- WORK REQUEST: Your answer should be an exact copy of all the entries, free of pictures.

----- DATASET EXTRACT

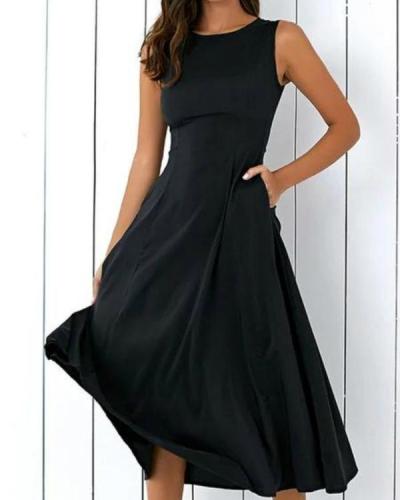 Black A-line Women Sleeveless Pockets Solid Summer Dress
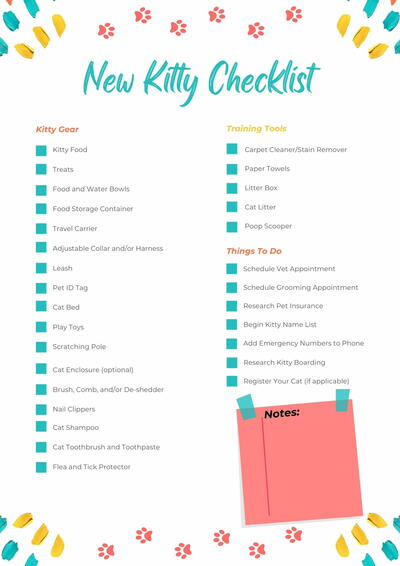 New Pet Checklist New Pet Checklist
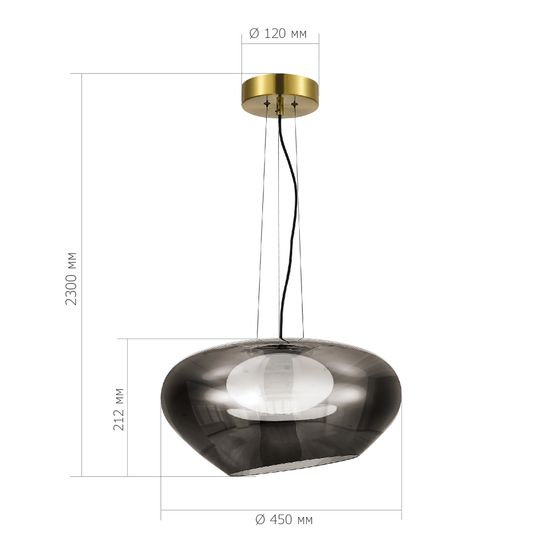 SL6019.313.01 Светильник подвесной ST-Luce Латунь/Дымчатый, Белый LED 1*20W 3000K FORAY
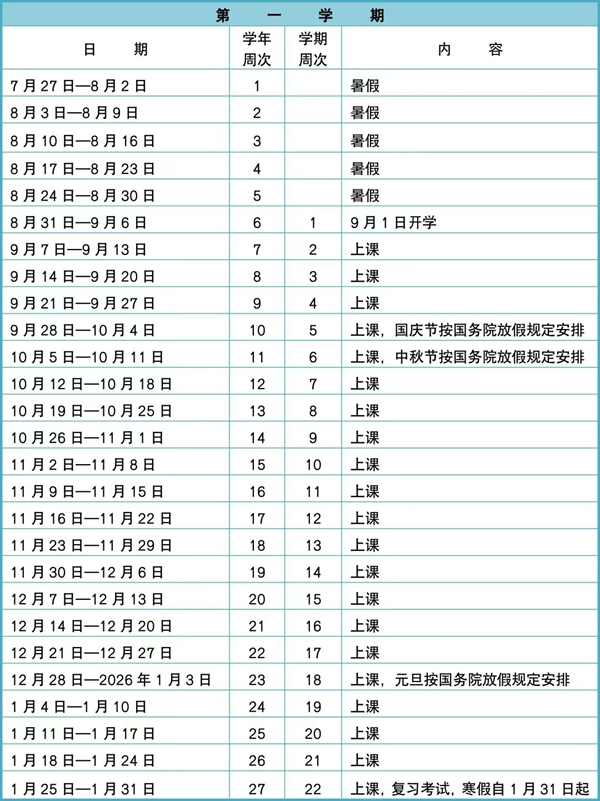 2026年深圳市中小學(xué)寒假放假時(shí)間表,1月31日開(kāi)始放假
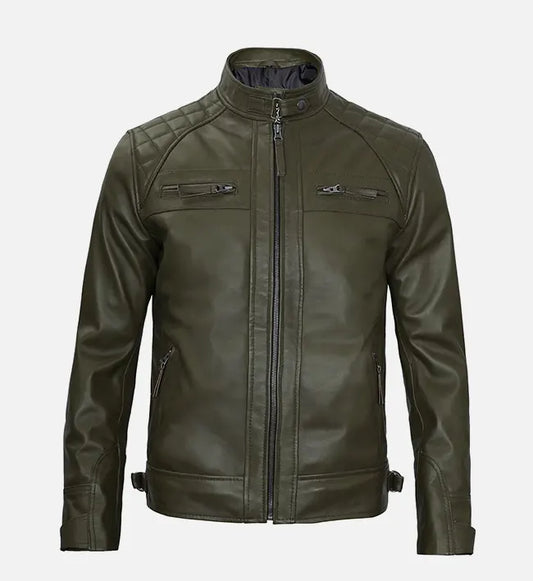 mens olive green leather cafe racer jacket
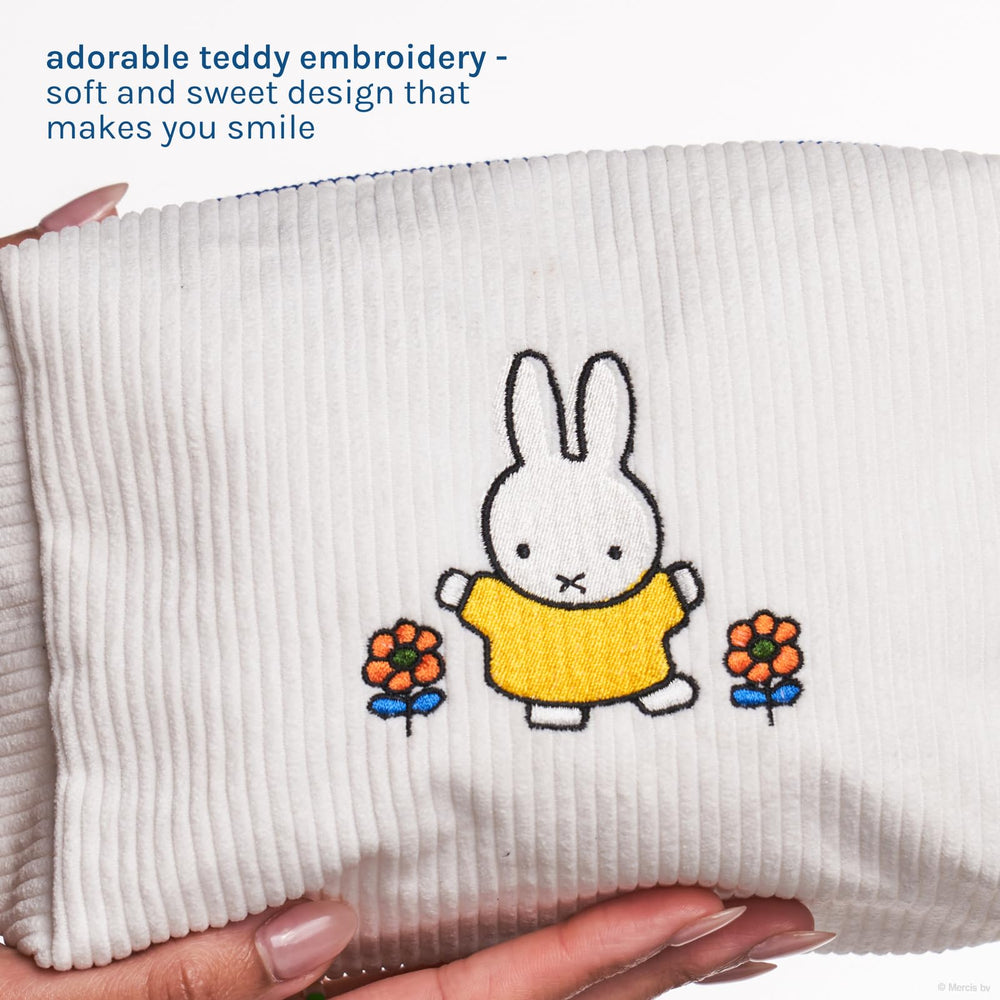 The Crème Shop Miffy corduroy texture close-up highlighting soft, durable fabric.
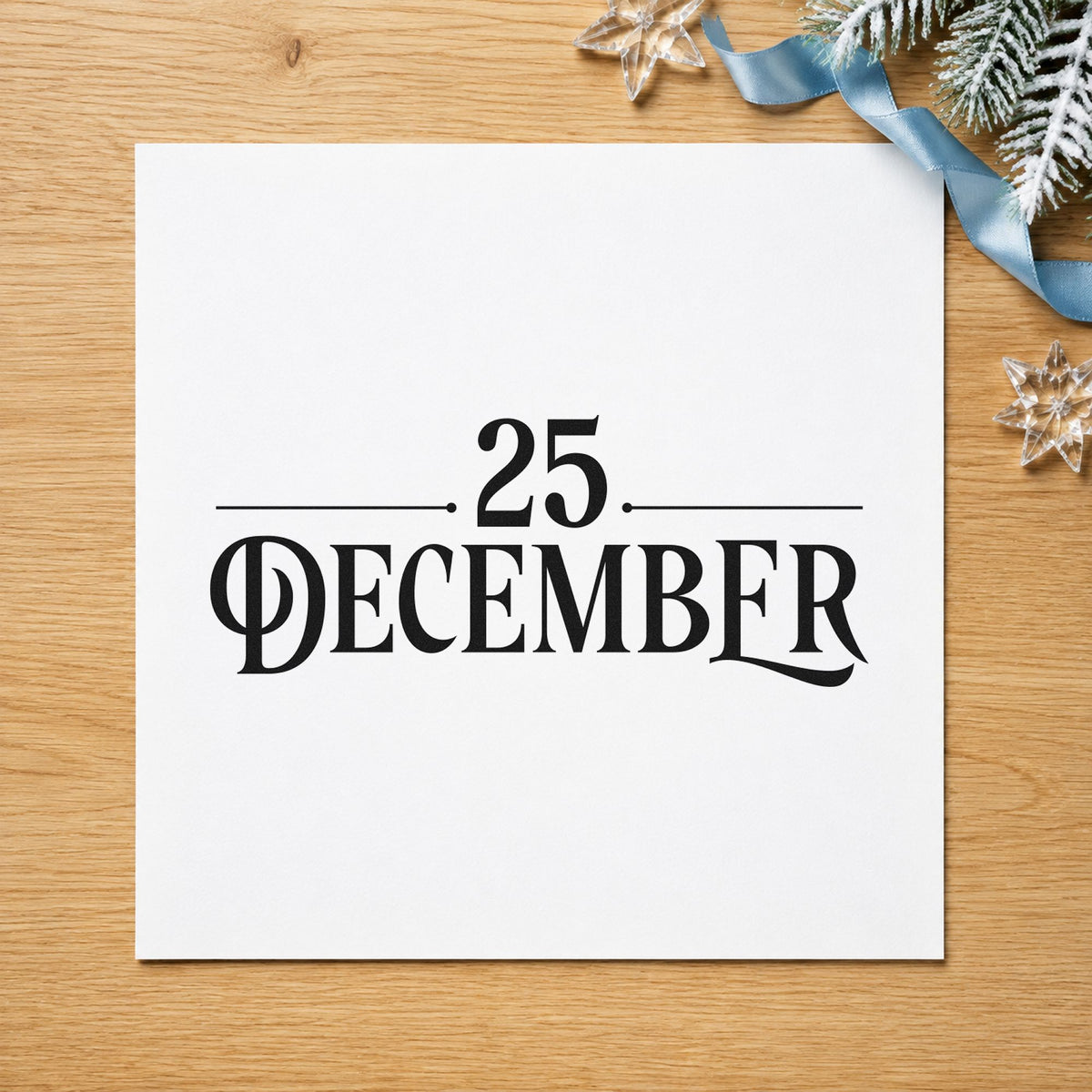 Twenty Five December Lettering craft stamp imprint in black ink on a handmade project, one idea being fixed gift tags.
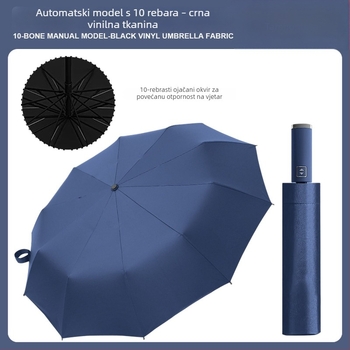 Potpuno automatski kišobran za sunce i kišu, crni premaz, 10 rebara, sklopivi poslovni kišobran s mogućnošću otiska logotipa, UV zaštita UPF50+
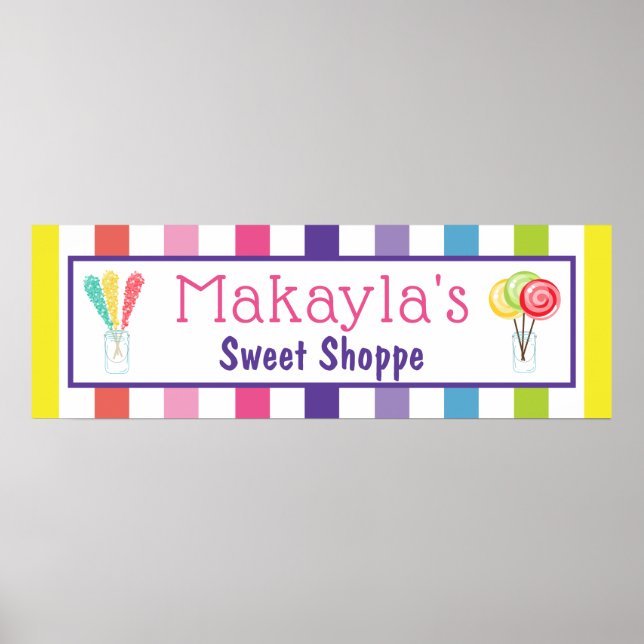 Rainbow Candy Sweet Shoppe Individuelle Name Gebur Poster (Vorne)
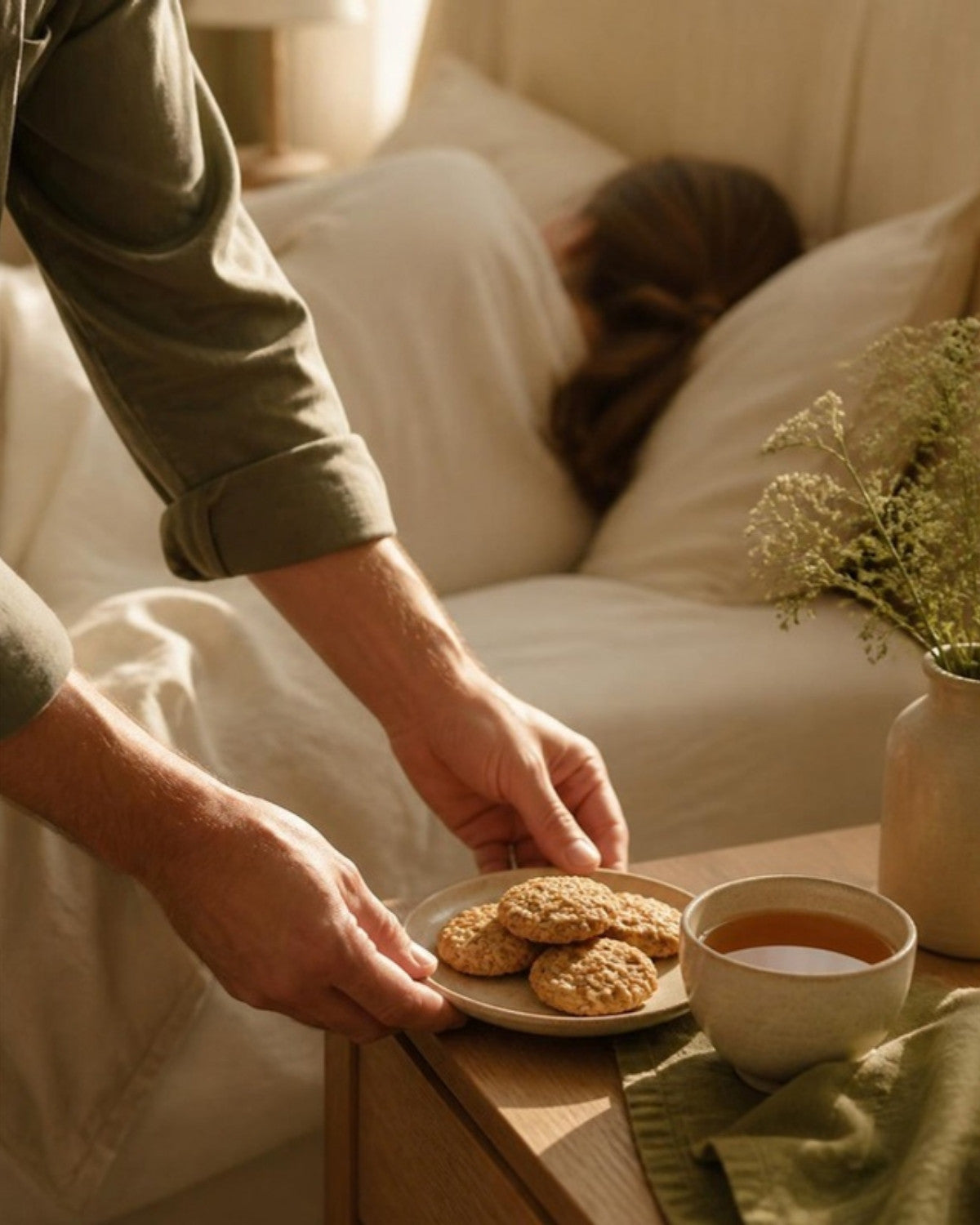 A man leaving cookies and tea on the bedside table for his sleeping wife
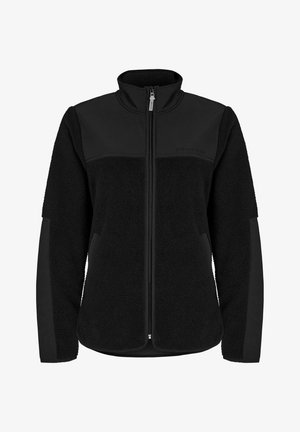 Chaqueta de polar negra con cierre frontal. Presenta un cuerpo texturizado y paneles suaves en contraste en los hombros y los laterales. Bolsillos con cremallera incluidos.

----------

- WRITTEN ANSWER:
 Black A-line Women Sleeveless Pockets Solid Summer Dress
 New Pet Checklist New Pet Checklist
 SL6019.313.01 Светильник подвесной ST-Luce Латунь/Дымчатый, Белый LED 1*20W 3000K FORAY
 2026年深圳市中小學(xué)寒假放假時(shí)間表,1月31日開(kāi)始放假
 mens olive green leather cafe racer jacket
 The Crème Shop Miffy corduroy texture close-up highlighting soft, durable fabric.
 Twenty Five December Lettering craft stamp imprint in black ink on a handmade project, one idea being fixed gift tags.
 Potpuno automatski kišobran za sunce i kišu, crni premaz, 10 rebara, sklopivi poslovni kišobran s mogućnošću otiska logotipa, UV zaštita UPF50+
 Rainbow Candy Sweet Shoppe Individuelle Name Gebur Poster (Vorne)
 A man leaving cookies and tea on the bedside table for his sleeping wife
 Chaqueta de polar negra con cierre frontal. Presenta un cuerpo texturizado y paneles suaves en contraste en los hombros y los laterales. Bolsillos con cremallera incluidos.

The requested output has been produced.